▶ [Problem description] Transcribe all the data below exactly, leaving its pictures out.

▶ [Dataset content]

------------------------------

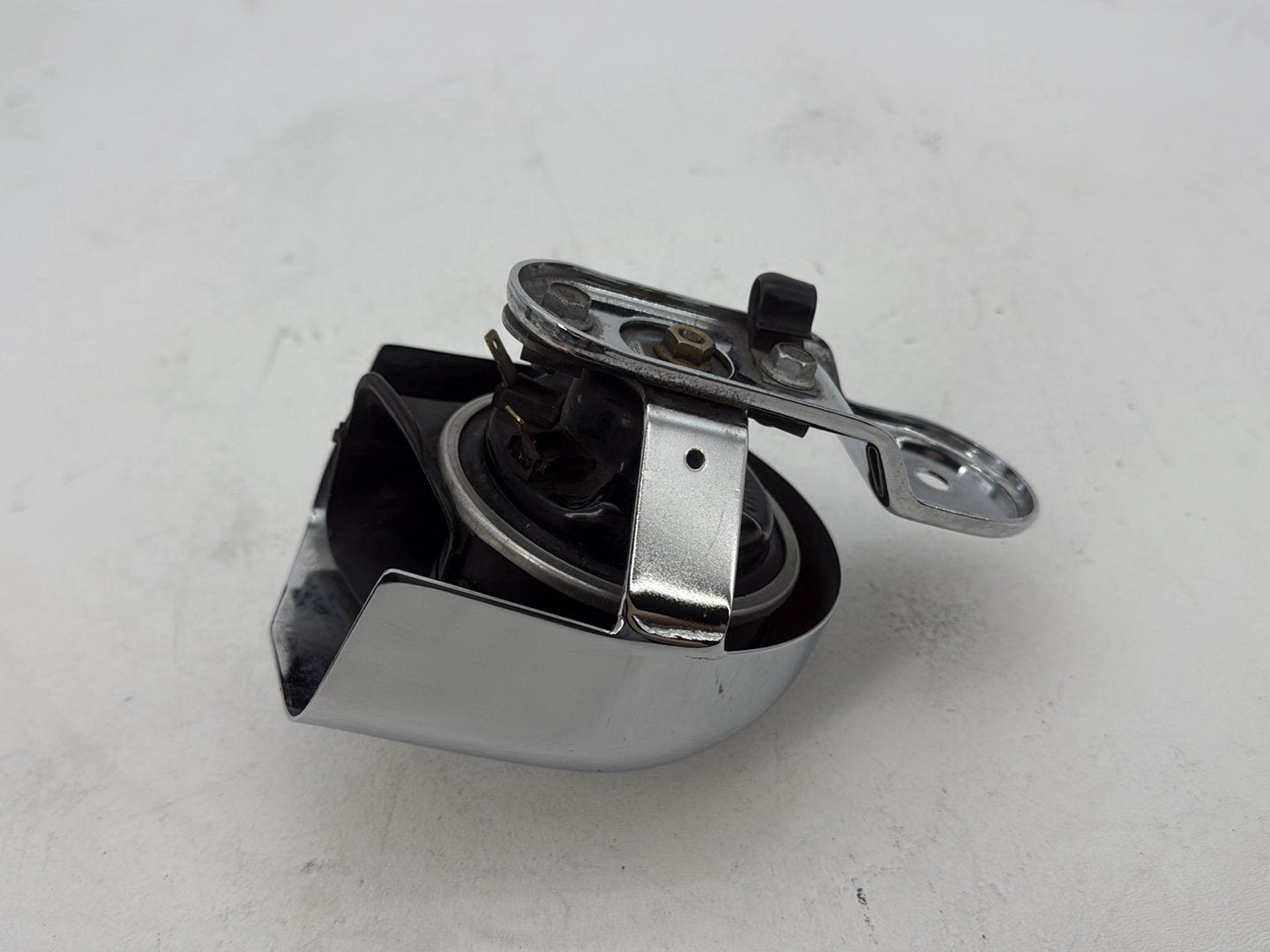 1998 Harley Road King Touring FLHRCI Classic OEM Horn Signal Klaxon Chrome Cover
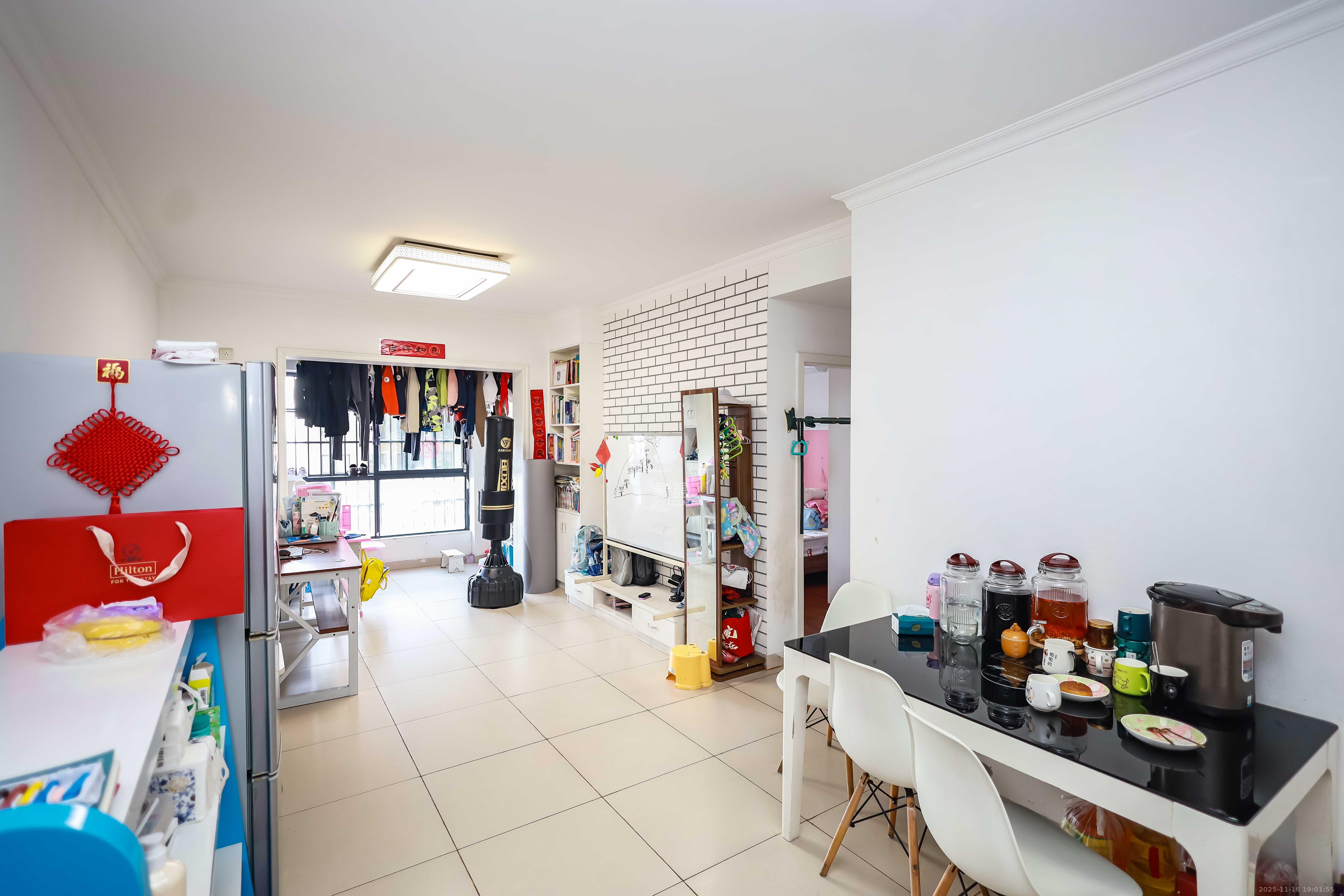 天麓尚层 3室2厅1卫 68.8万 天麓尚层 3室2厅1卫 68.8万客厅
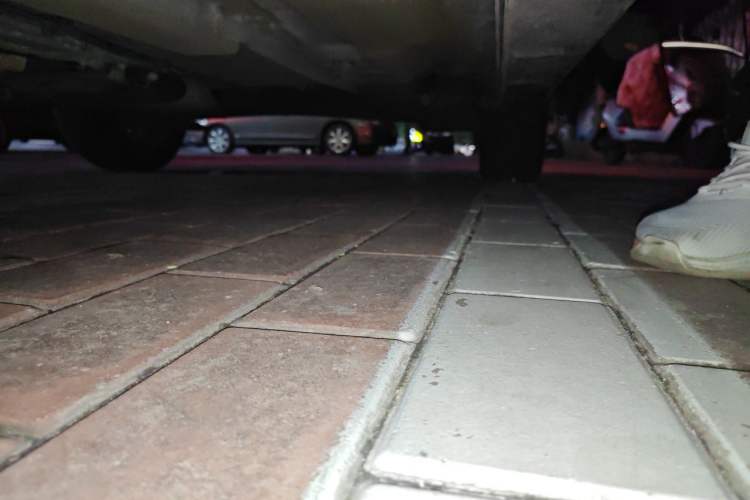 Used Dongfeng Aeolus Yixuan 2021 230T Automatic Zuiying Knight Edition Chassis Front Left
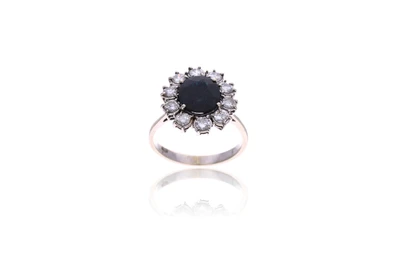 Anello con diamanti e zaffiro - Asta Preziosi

------------------------------

▶ [Task result]
 1998 Harley Road King Touring FLHRCI Classic OEM Horn Signal Klaxon Chrome Cover
 天麓尚层 3室2厅1卫 68.8万 天麓尚层 3室2厅1卫 68.8万客厅
 Used Dongfeng Aeolus Yixuan 2021 230T Automatic Zuiying Knight Edition Chassis Front Left
 Anello con diamanti e zaffiro - Asta Preziosi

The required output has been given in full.